[TASK MATERIAL]

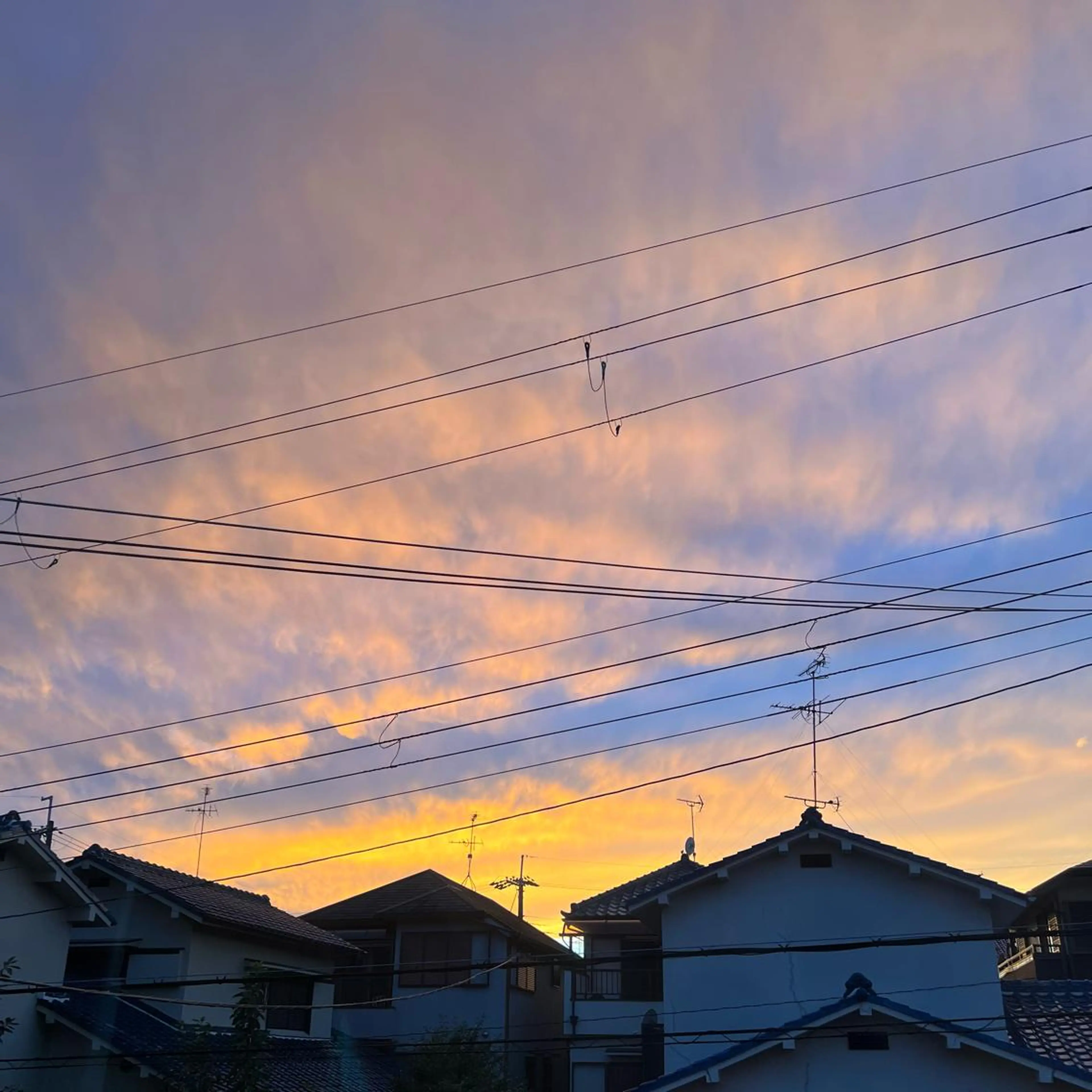 TIDEHAIR SHIHOのヘアスタイル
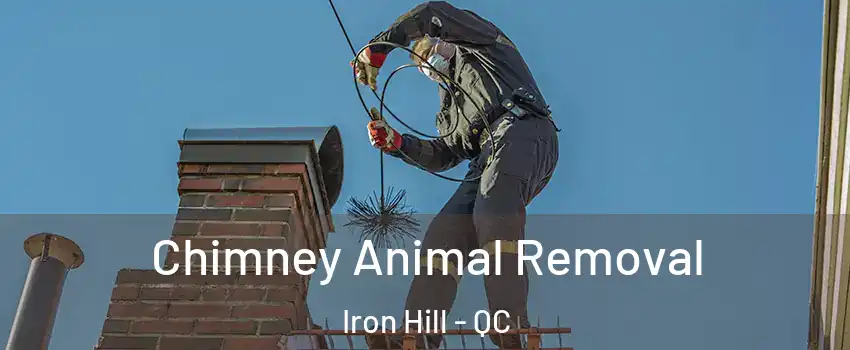  Chimney Animal Removal Iron Hill - QC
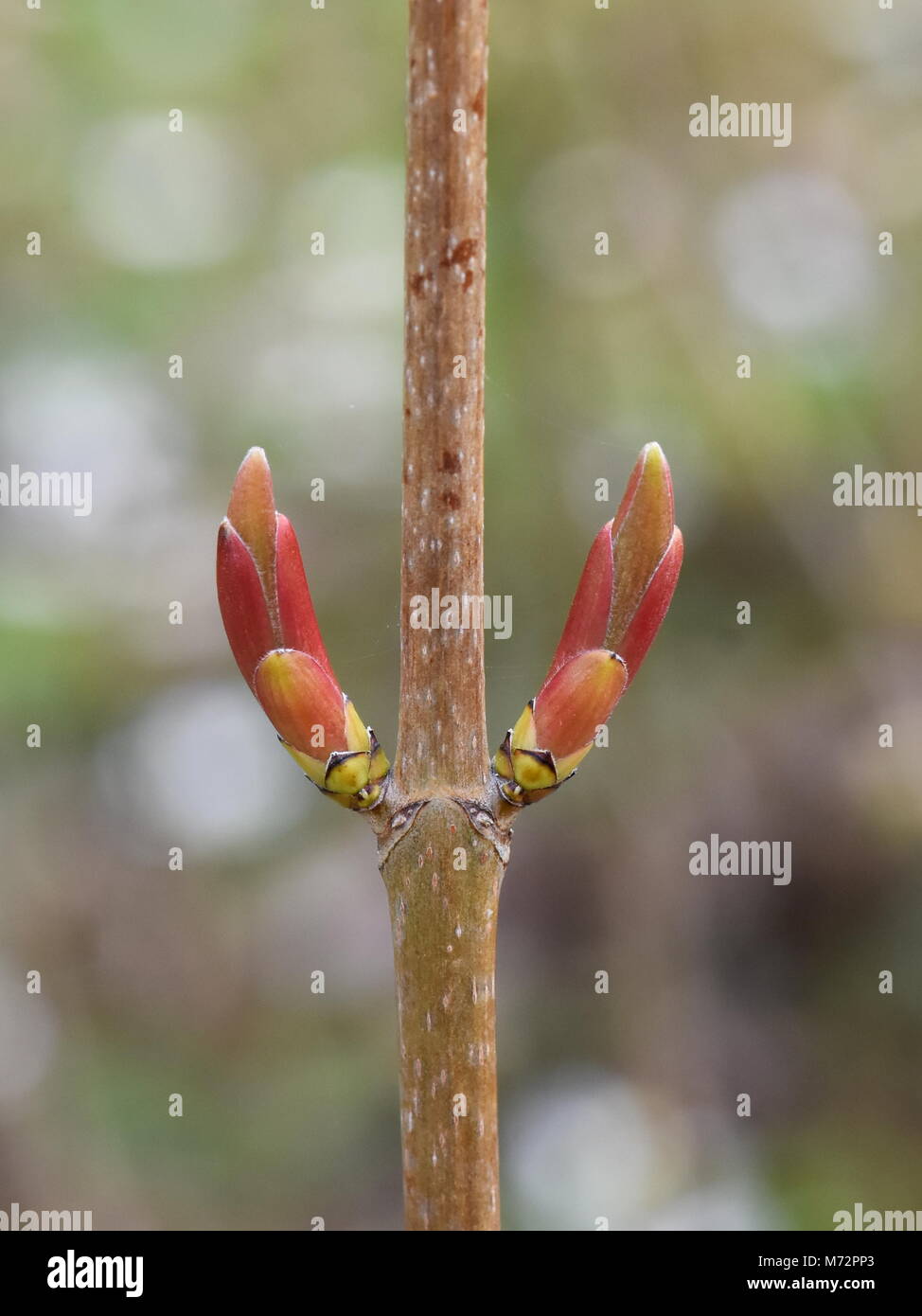 Platano albero di acero con boccioli in primavera Foto Stock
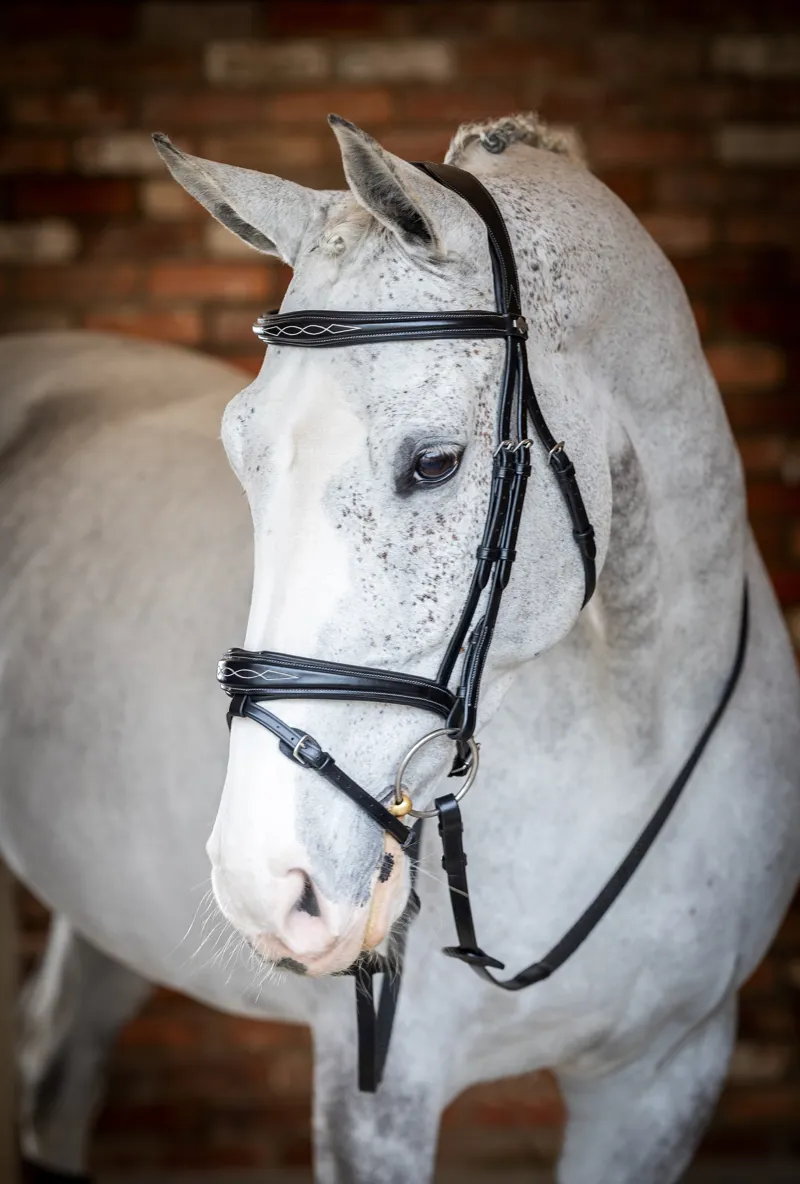LeMieux Competition Flash Bridle - Black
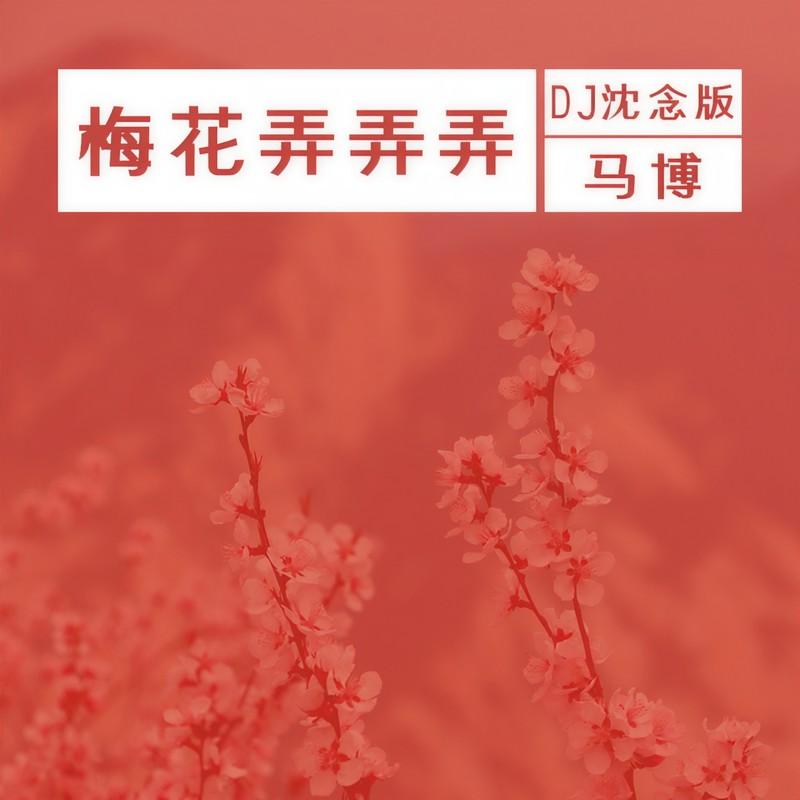 梅花弄弄弄 (DJ沈念版) - 马博封面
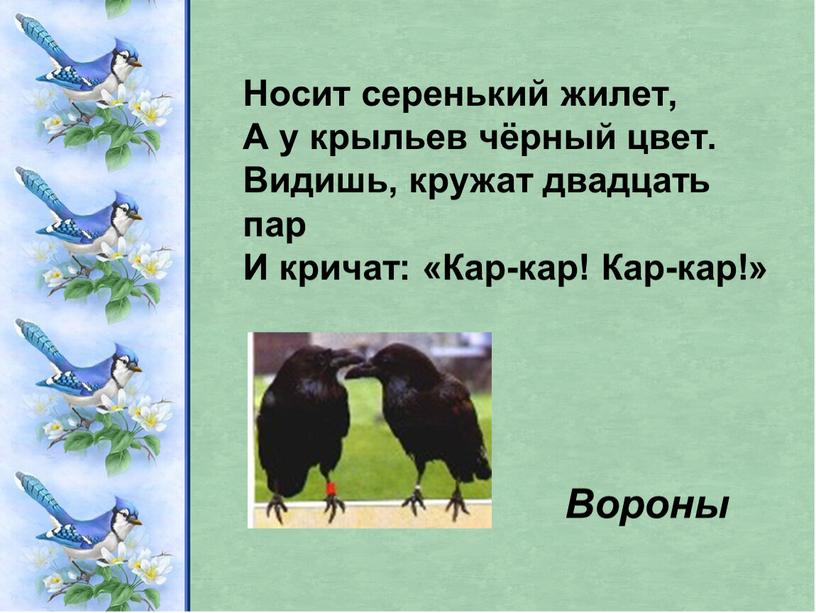 Носит серенький жилет, А у крыльев чёрный цвет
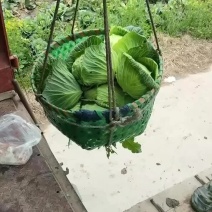包菜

[WORK TO BE COMPLETED] In the listing above, find the line containing "Носит серенький жилет, А" and restate it and every later line verbatim, with the pictures left out.

[RESPONSE TO THE TASK]
 Носит серенький жилет, А у крыльев чёрный цвет
包菜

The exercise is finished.